- _REQUIRED ACTION_:
An exact copy of all the data is the required output.
===== DATA PROVIDED =====
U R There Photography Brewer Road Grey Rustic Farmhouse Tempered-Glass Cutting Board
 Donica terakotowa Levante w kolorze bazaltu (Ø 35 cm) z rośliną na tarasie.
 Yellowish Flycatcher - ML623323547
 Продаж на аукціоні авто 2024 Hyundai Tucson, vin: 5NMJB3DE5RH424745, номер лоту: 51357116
=====
- _OUTPUT FOR THIS EXERCISE_:
U R There Photography Brewer Road Grey Rustic Farmhouse Tempered-Glass Cutting Board
 Donica terakotowa Levante w kolorze bazaltu (Ø 35 cm) z rośliną na tarasie.
 Yellowish Flycatcher - ML623323547
 Продаж на аукціоні авто 2024 Hyundai Tucson, vin: 5NMJB3DE5RH424745, номер лоту: 51357116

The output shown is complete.